Kasus kekerasan dan pelecehan seksual di Indonesia terus menunjukkan angka yang mengkhawatirkan dan menyisakan luka yang dalam, terutama bagi perempuan. Catatan Tahunan Komnas Perempuan 2024 mencatat 445.502 kasus kekerasan terhadap perempuan. Sementara itu, data SIMFONI PPA mencatat 6.918 laporan dari Januari hingga April 2025, dengan 86% korban adalah perempuan. Ini menegaskan bahwa tubuh dan martabat perempuan belum sepenuhnya aman, bahkan di ruang yang seharusnya melindungi.
Kasus “Fantasi Sedarah” menjadi bukti nyata dari bentuk kekerasan seksual yang semakin berkembang di ruang digital. Grup Facebook ini berisi puluhan ribu anggota yang memperdagangkan konten pornografi, dengan korban utama perempuan dan anak-anak. Kekerasan tidak lagi terjadi secara fisik, tetapi juga lewat media dan teknologi. Negara harus menanggapi fenomena ini dengan keseriusan dan respons cepat lintas sektor.

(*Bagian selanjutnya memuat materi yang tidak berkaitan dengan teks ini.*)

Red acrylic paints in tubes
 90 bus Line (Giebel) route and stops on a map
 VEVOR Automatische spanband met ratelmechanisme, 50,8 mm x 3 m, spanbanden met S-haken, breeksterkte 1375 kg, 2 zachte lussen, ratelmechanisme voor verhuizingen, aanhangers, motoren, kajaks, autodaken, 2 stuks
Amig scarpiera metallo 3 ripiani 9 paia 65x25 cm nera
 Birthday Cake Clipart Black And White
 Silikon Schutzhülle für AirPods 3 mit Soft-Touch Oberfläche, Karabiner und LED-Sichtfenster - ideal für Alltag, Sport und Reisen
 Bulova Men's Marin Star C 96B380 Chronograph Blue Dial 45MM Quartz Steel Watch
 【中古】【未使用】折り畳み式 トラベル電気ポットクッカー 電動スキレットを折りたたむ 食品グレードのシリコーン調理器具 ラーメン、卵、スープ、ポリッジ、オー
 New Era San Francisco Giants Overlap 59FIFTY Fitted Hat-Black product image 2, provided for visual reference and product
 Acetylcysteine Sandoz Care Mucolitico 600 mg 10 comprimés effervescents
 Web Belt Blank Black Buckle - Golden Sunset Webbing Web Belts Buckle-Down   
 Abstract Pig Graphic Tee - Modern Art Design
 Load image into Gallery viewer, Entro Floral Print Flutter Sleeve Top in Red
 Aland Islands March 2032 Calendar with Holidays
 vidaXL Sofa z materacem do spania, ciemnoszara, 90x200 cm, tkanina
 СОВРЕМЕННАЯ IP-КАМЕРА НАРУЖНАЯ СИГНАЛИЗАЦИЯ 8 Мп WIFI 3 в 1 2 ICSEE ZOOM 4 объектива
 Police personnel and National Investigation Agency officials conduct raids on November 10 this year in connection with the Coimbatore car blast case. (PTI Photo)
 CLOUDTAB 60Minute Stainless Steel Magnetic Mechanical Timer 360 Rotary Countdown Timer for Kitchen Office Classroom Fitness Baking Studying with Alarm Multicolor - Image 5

Perempuan selalu dituntut untuk berpakaian “sopan”, seolah kekerasan timbul dari cara berpakaian. Sementara itu, laki-laki tak sepenuhnya mendapat edukasi untuk mengendalikan pandangan dan perilaku. Sikap masyarakat yang menyalahkan korban justru memperkuat budaya bisu terhadap kekerasan seksual. Akhirnya banyak korban memilih untuk diam karena tekanan sosial. Hal ini menunjukkan bahwa perlindungan hukum belum sepenuhnya berpihak pada korban, meski Undang-Undang Tindak Pidana Kekerasan Seksual (UU TPKS) telah disahkan.
Pencegahan kekerasan seksual tidak bisa hanya mengandalkan hukum, tetapi perlu edukasi yang menyeluruh. Edukasi selama ini terlalu membebani perempuan agar waspada, tapi mengabaikan peran laki-laki. Padahal, laki-laki harus terlibat sebagai bagian dari solusi. Materi tentang persetujuan, kontrol diri, dan menghargai tubuh orang lain harus diajarkan sejak dini. Pendekatan berbasis komunitas juga bisa menjadi solusi untuk membangun sistem perlindungan yang lebih tangguh dan responsif.
Sudah waktunya narasi moral yang hanya membebani perempuan diakhiri. Menjaga tubuh dan keselamatan diri bukan tugas perempuan semata. Laki-laki pun harus bertanggung jawab atas perilaku dan cara pandangnya. Tidak ada pakaian yang layak disalahkan atas tindakan kriminal. Yang perlu dibenahi adalah mentalitas yang memposisikan perempuan sebagai objek.
Perempuan berhak untuk hidup aman dan bermartabat di mana pun mereka berada, baik di rumah, sekolah, tempat kerja, hingga ruang digital. Perlindungan terhadap perempuan bukan bentuk keistimewaan, melainkan pemenuhan hak dan keadilan. Selama budaya menyalahkan korban dan ketimpangan edukasi masih terjadi, maka kekerasan akan terus berulang. Oleh sebab itu, perubahan harus dimulai dari semua lini, baik dari rumah, dari sekolah, dan dari cara kita memandang perempuan.